#### What to produce
Retype every entry below without pictures.
== Records ==
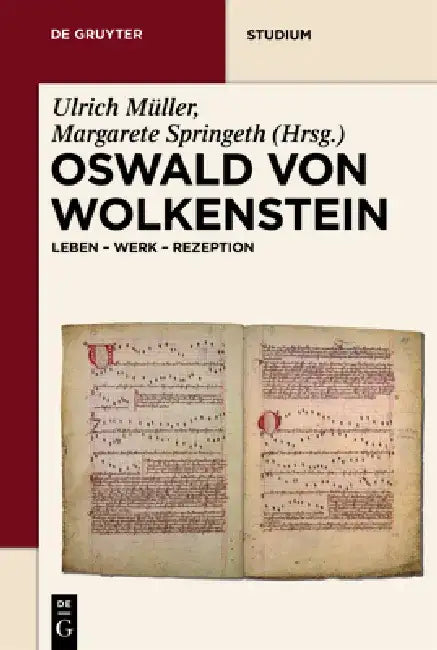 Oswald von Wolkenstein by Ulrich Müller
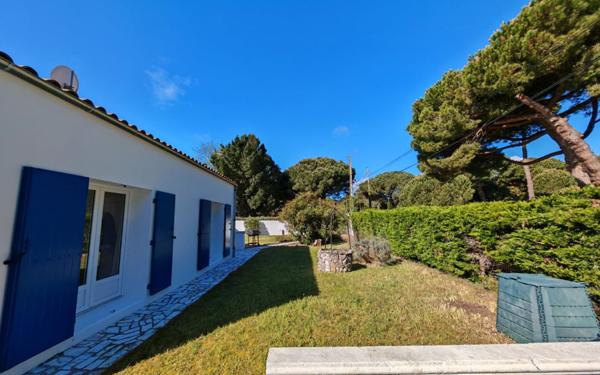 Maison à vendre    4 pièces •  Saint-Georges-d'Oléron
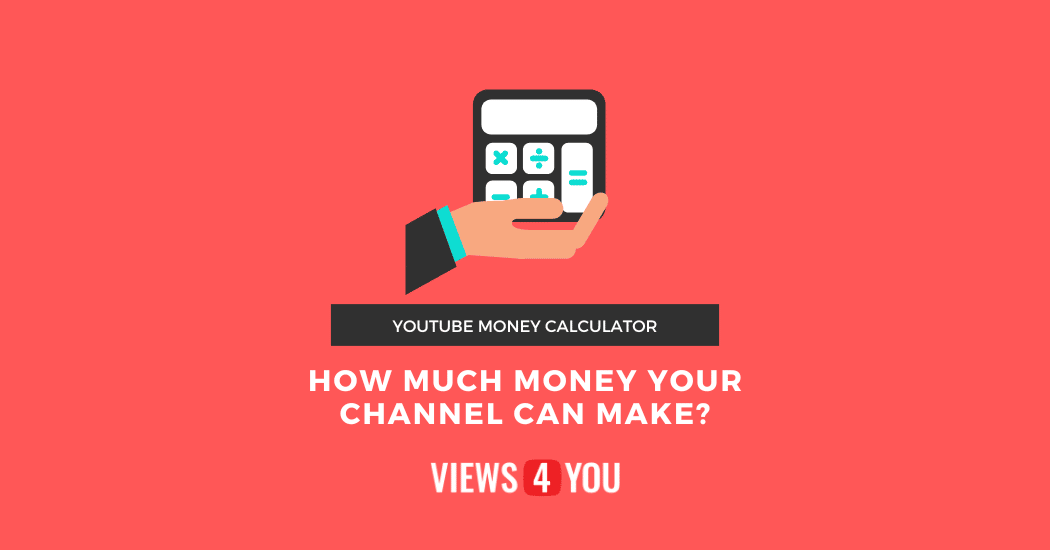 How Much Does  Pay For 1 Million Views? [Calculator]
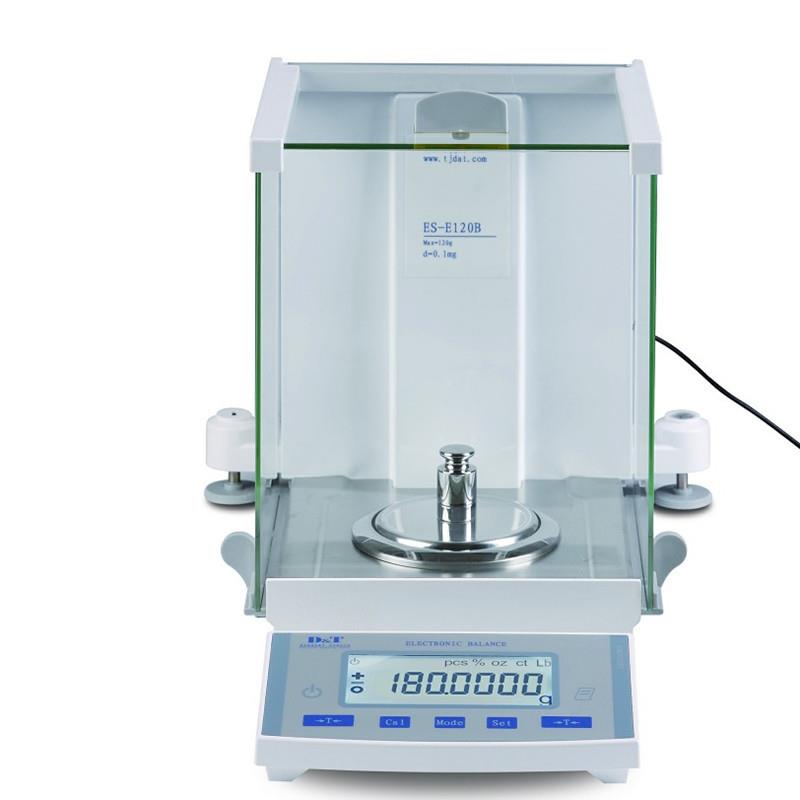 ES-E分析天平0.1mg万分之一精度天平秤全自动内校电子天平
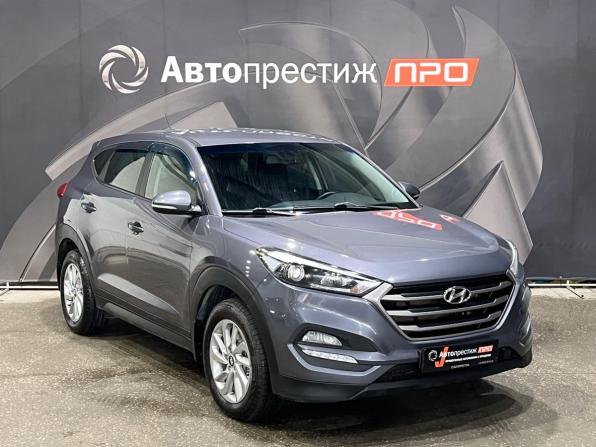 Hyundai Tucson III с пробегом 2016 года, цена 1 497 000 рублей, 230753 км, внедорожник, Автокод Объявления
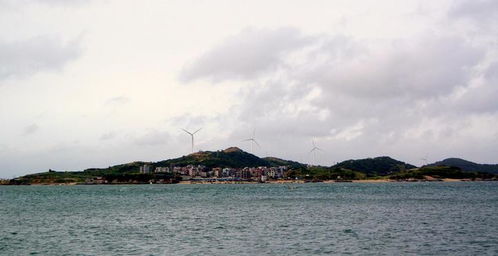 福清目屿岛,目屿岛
===
#### Reply
 Oswald von Wolkenstein by Ulrich Müller
 Maison à vendre    4 pièces •  Saint-Georges-d'Oléron
 How Much Does  Pay For 1 Million Views? [Calculator]
 ES-E分析天平0.1mg万分之一精度天平秤全自动内校电子天平
 Hyundai Tucson III с пробегом 2016 года, цена 1 497 000 рублей, 230753 км, внедорожник, Автокод Объявления
 福清目屿岛,目屿岛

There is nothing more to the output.